11.6.1 DCCP Core Mechanism: Pluggable Congestion Control
DCCP's approach to congestion control is a bit more "democratic" than TCP's.
In TCP, the congestion control algorithm is hardcoded in the kernel (although Linux now supports pluggable modules, the protocol specification itself is fixed). In DCCP, however, the congestion control algorithm is negotiable and is known as a CCID (Congestion Control ID).
A DCCP connection is viewed as two "half-connections":
- Sending half-connection: The A → B data flow, where A controls the sending rate.
- Reverse half-connection: The B → A data flow (primarily ACKs), where B controls the sending rate.

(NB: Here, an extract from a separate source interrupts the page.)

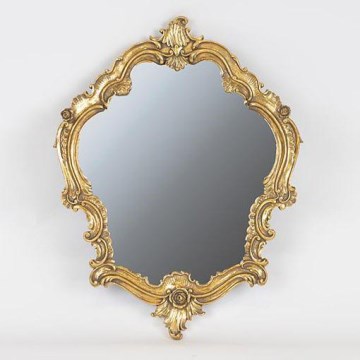 Zidno ogledalo 39,5x30,7 cm zlatno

This separation means both sides can use entirely different algorithms — for instance, A might use CCID-3 (TCP-Friendly Rate Control) to send video, while B uses CCID-2 (TCP-like) to send ACKs.
Currently, there are two mainstream CCIDs:
- CCID-2 (TCP-Like): This is essentially TCP congestion control wearing a DCCP disguise. It uses slow start, a congestion window, and SACK (Selective Acknowledgment). Use case: high-bandwidth, high-latency scenarios where packet loss is acceptable but a network collapse is not.
- CCID-3 (TCP-Friendly Rate Control, TFRC): This is a rate-based smooth algorithm. Instead of drastically adjusting the window like CCID-2, it calculates a smooth sending rate. It's ideal for streaming media, where visual jitter (rate changing too quickly) is much less acceptable than dropping a few frames.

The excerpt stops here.